◆ **WHAT TO WORK ON**:
Your task is to repeat exactly the lines from the one with "Esse ano novo" through the end of the records, both included; please leave the pictures out.

[Captioned web image data]
----------
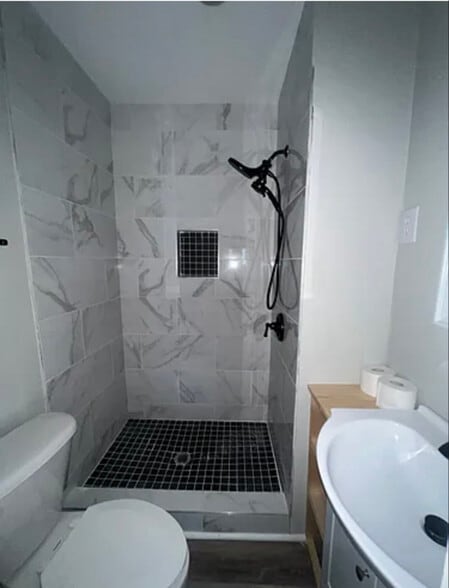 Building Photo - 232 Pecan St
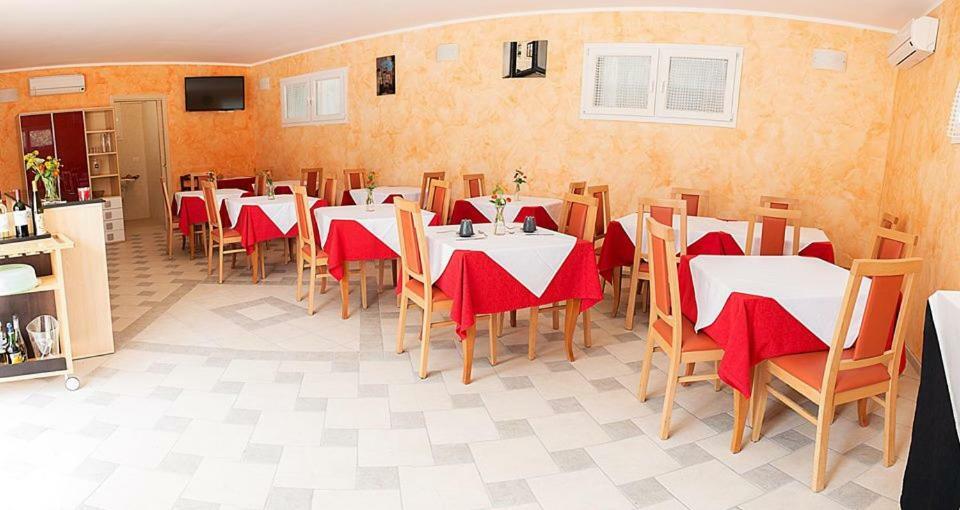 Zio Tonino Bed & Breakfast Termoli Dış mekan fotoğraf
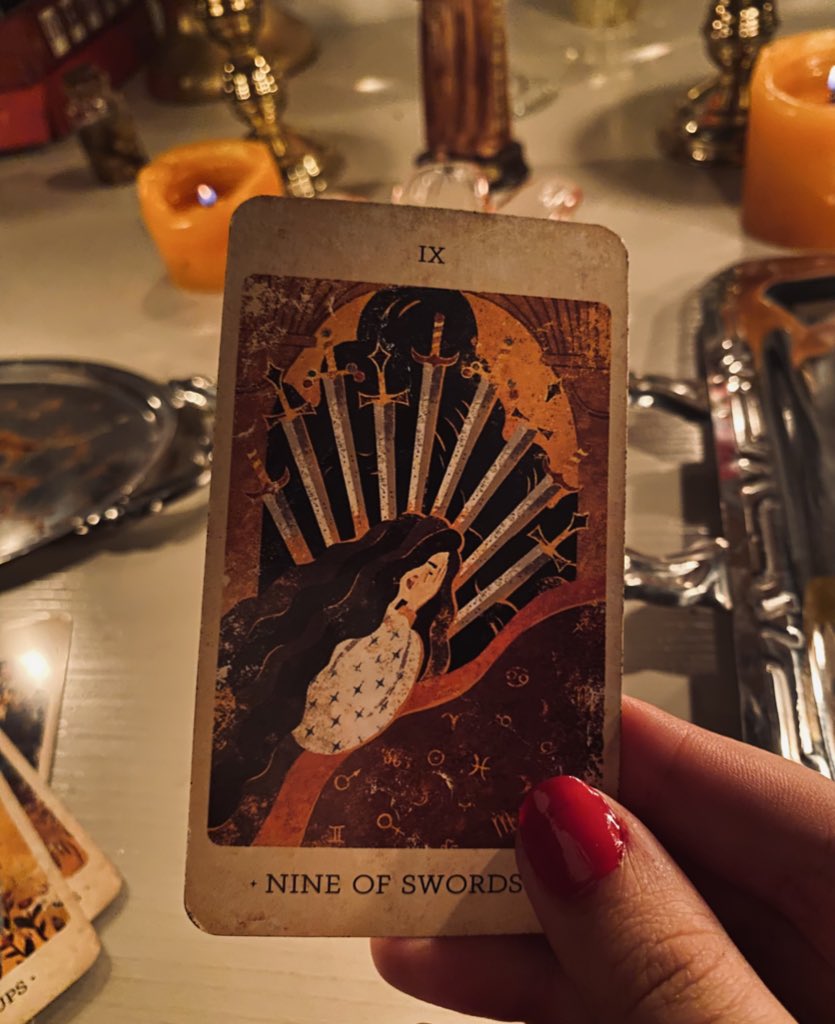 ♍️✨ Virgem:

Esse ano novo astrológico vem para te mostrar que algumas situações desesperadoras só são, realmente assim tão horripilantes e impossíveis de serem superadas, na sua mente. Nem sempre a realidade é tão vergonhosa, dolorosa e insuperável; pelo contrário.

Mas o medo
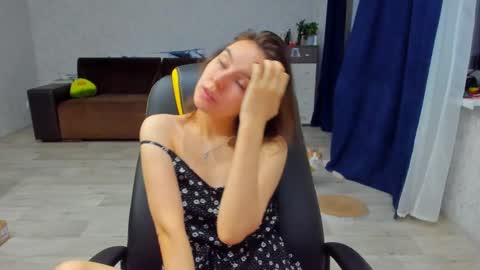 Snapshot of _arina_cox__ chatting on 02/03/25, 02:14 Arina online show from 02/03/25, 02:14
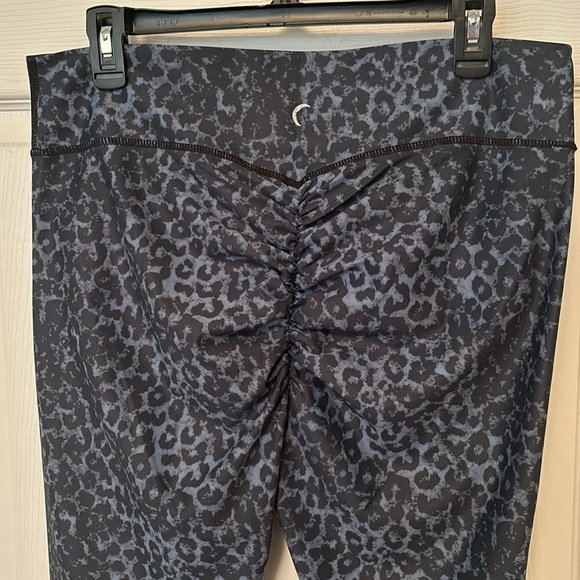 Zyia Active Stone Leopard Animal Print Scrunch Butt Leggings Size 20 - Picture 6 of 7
----------
◆ **SOLVED EXERCISE**:
Esse ano novo astrológico vem para te mostrar que algumas situações desesperadoras só são, realmente assim tão horripilantes e impossíveis de serem superadas, na sua mente. Nem sempre a realidade é tão vergonhosa, dolorosa e insuperável; pelo contrário.

Mas o medo
 Snapshot of _arina_cox__ chatting on 02/03/25, 02:14 Arina online show from 02/03/25, 02:14
 Zyia Active Stone Leopard Animal Print Scrunch Butt Leggings Size 20 - Picture 6 of 7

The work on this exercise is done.